Start of Block

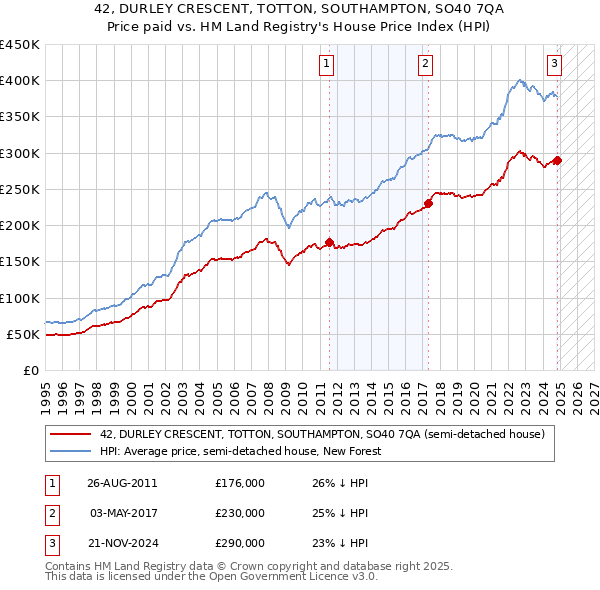 42, DURLEY CRESCENT, TOTTON, SOUTHAMPTON, SO40 7QA: Price paid vs HM Land Registry's House Price Index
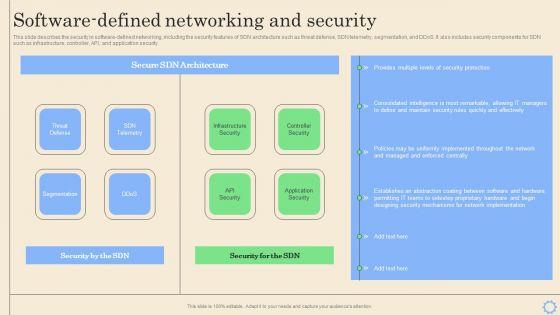 Software_Defined_Networking_Development_Strategies_Software_Defined_Networking_And_Security_Pictures_PDF_Slide_1.jpg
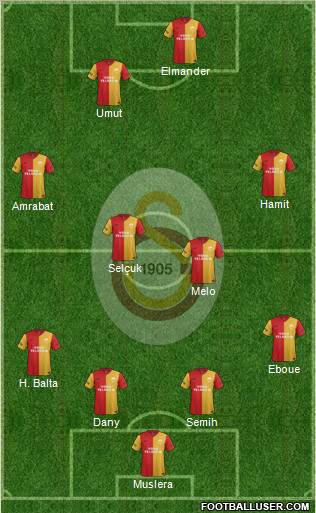Galatasaray SK Formation 2012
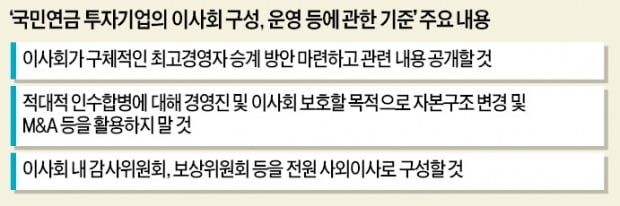 승계·M&A·사외이사까지…경영 전방위 개입하겠다는 국민연금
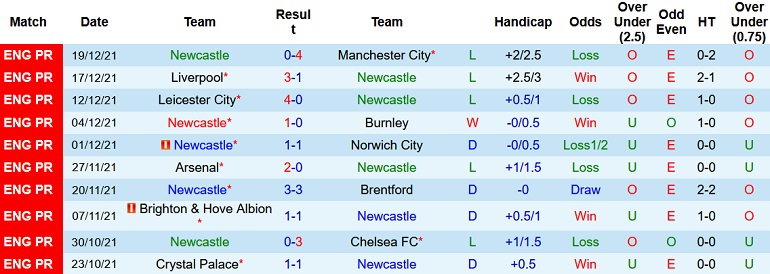 Mark Lawrenson dự đoán Newcastle vs Manchester United, 3h00 ngày 28/12 - Ảnh 3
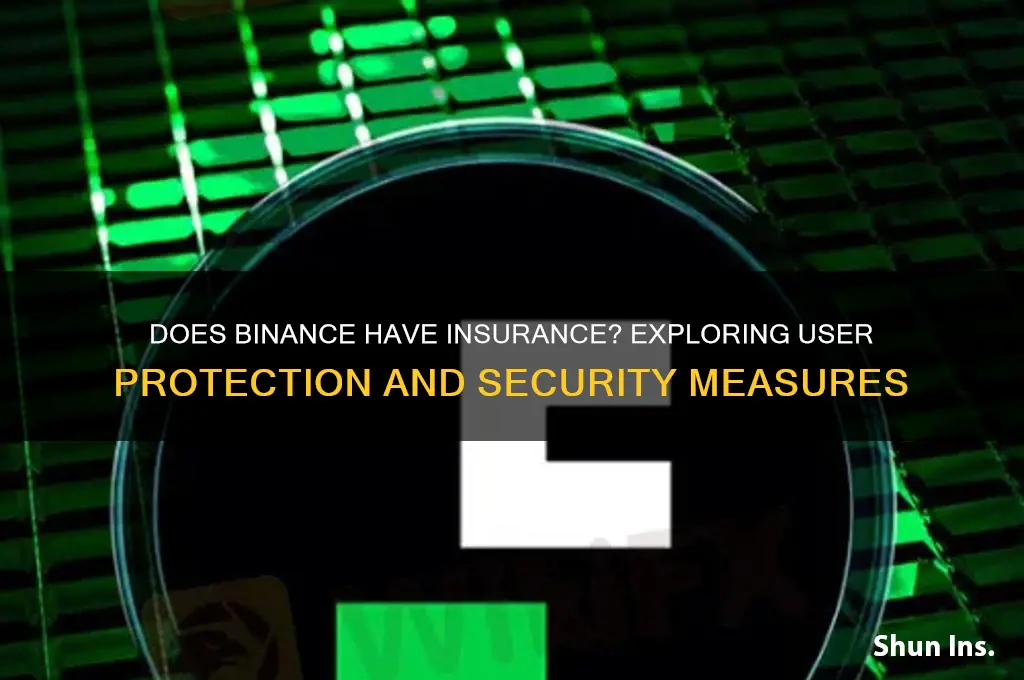 does binance have insurance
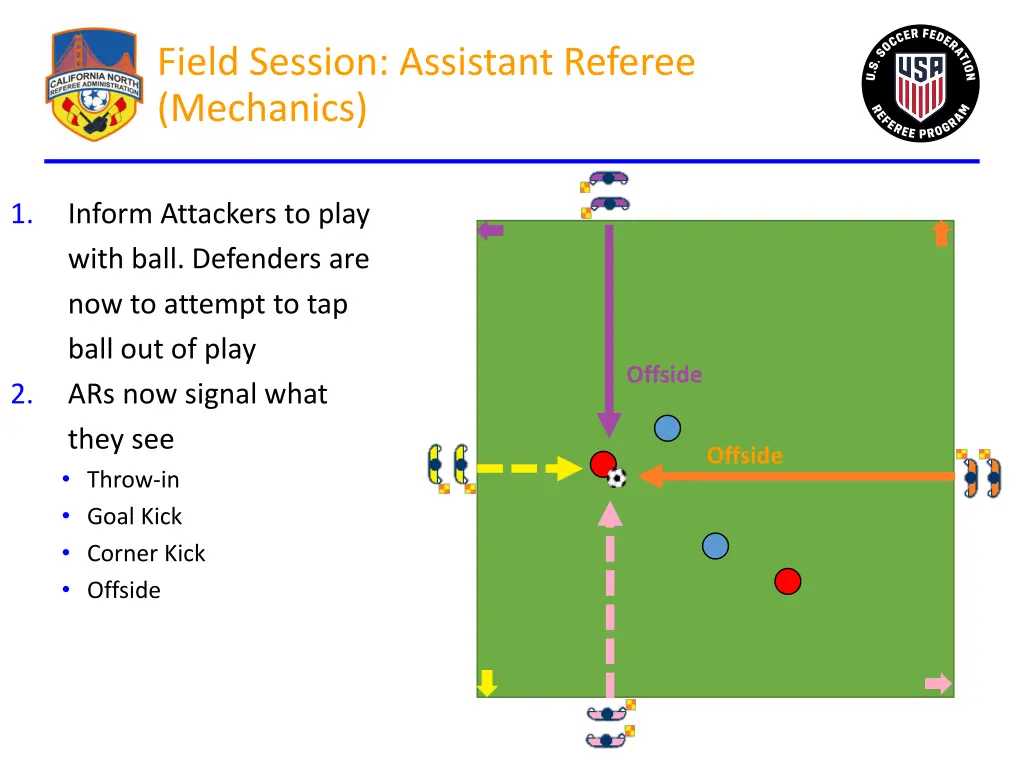 field session assistant referee mechanics 1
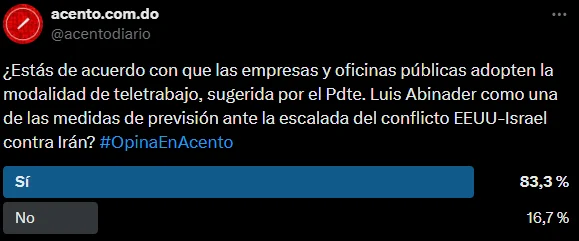 Teletrabajo propuesto por Abinader recibe amplio respaldo en encuesta de Acento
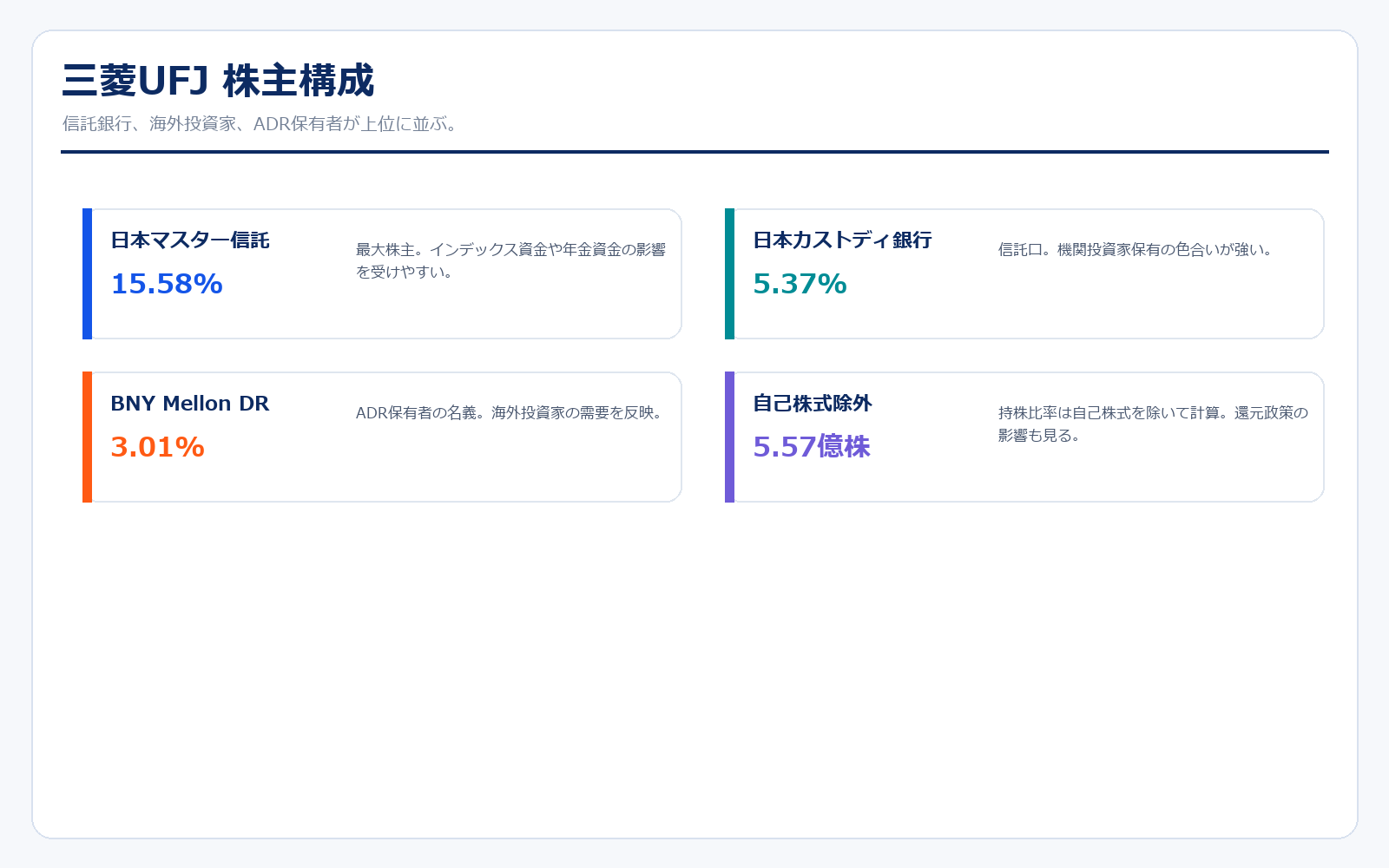 三菱UFJ 株主構成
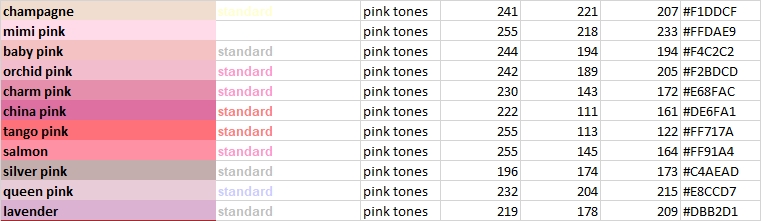 Shades of Pink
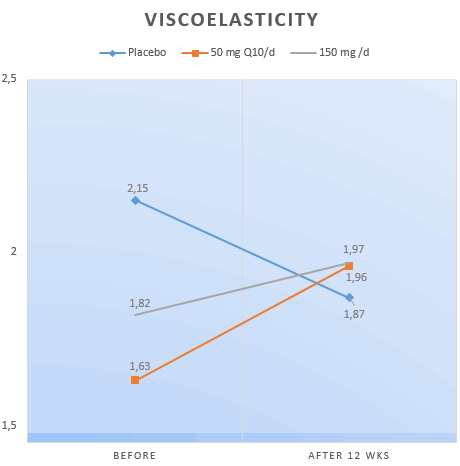 Q10 bestrijdt rimpels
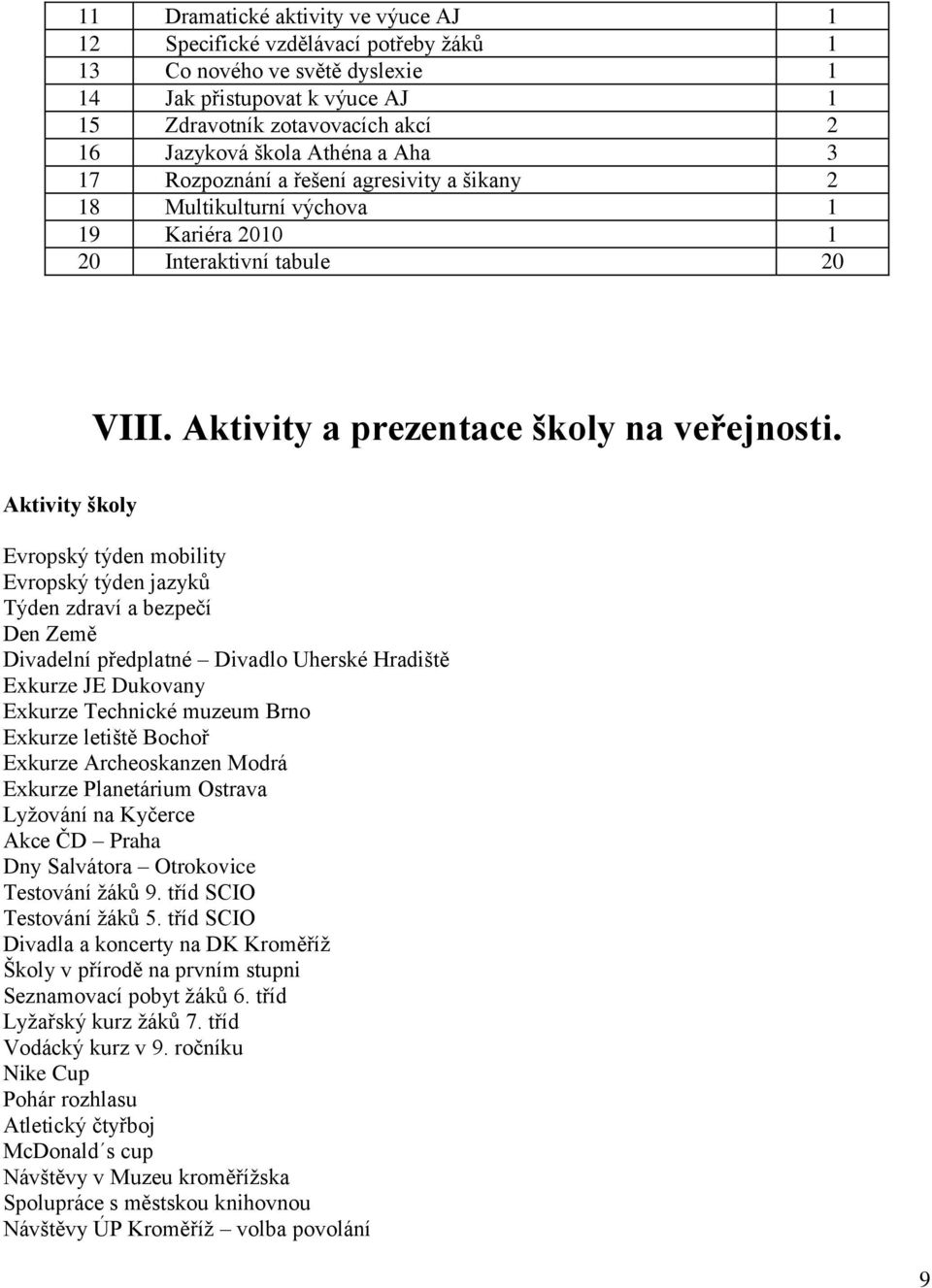 Aktivity školy Evropský týden mobility Evropský týden jazyků Týden zdraví a bezpečí Den Země Divadelní předplatné Divadlo Uherské Hradiště Exkurze JE Dukovany Exkurze Technické muzeum Brno Exkurze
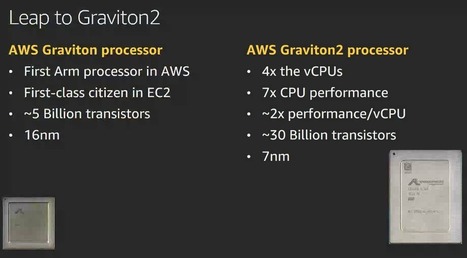 AWS Graviton2: What it means for Arm in the data center, cloud, enterprise, AWS | cross pond high tech | Scoop.it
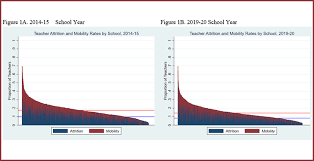 People with this position are responsible for making sure that aircraft are operating at a safe distance from each other. Analysis Covid 19 Raised Fears Of Teacher Shortages But The Situation Varies From State To State School To School Subject To Subject The 74
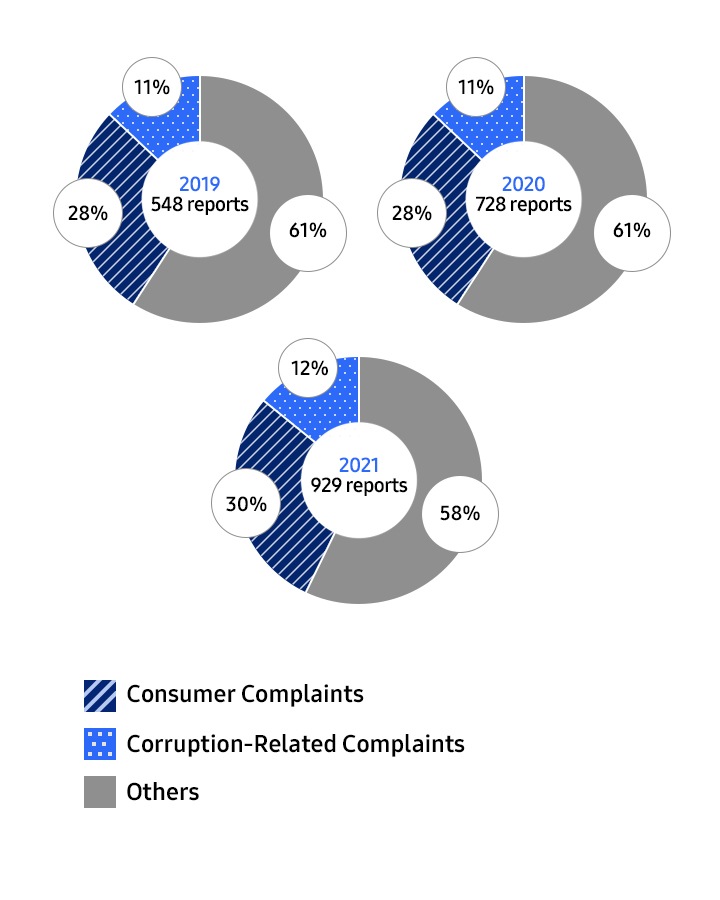 samsung ethics case study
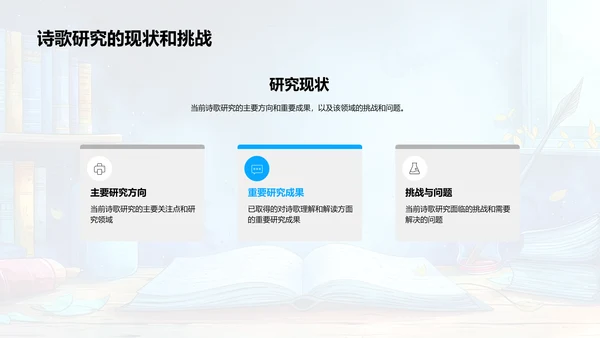 诗歌艺术研究PPT模板
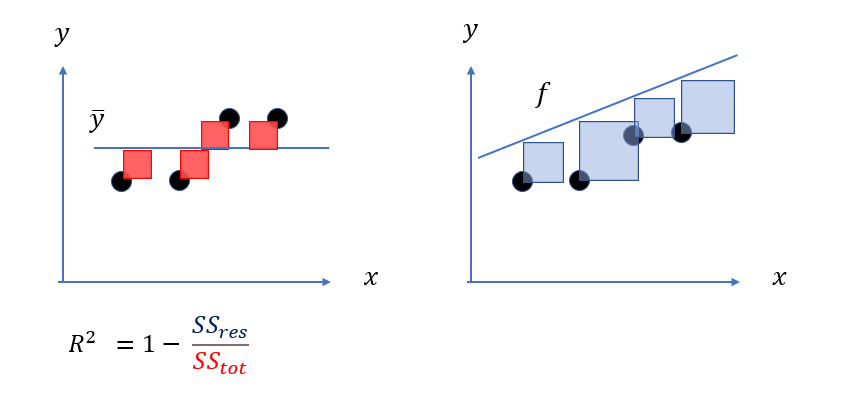 回歸分析 Regression Analysis 的r平方 R Squared 與調整後r平方 Adjusted R Squared 邱秉誠資料科學札記 Medium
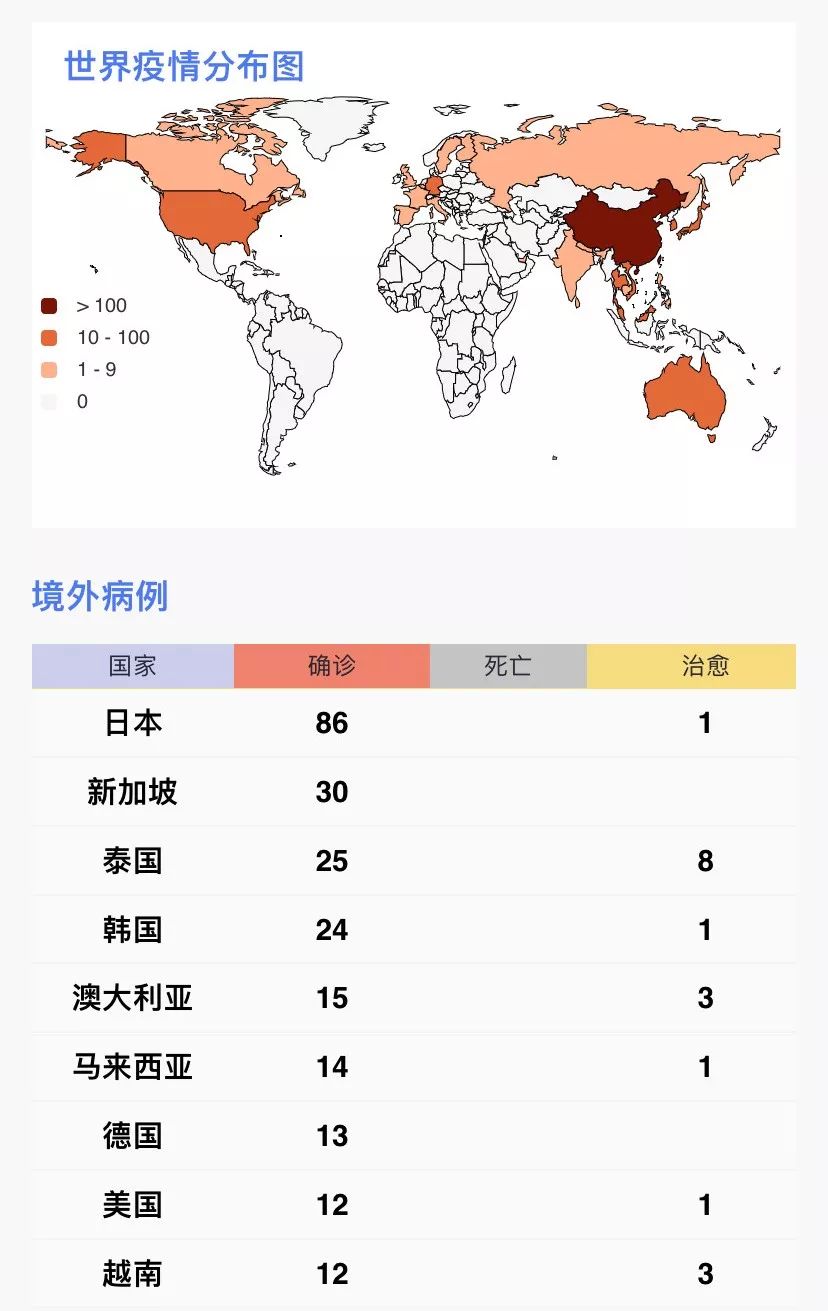 全球疫情最新数据分布图解析，疫情现状一目了然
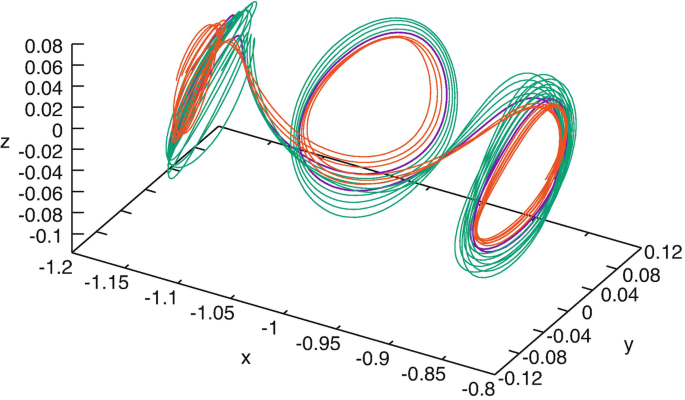 figure 28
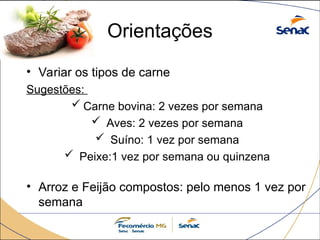 Orientações
• Variar os tipos de carne
Sugestões:
 Carne bovina: 2 vezes por semana
 Aves: 2 vezes por semana
 Suíno: 1 vez por semana
 Peixe:1 vez por semana ou quinzena
• Arroz e Feijão compostos: pelo menos 1 vez por
semana
 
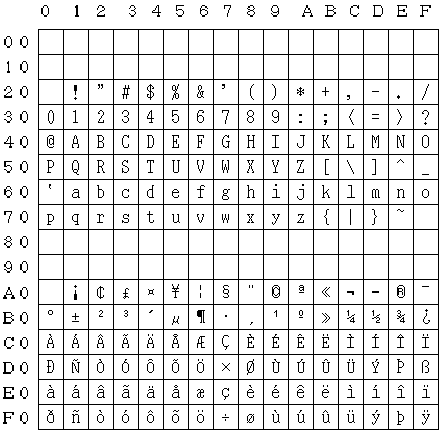 ISO 8859 第1部 (Latin Alphabet No.1,Latin 1) コード表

End of Block

▸ **WORK TO BE COMPLETED**
How many lines in the entries above include the string "vezes"? Answer with the number only.

▸ **EXERCISE ANSWER**
2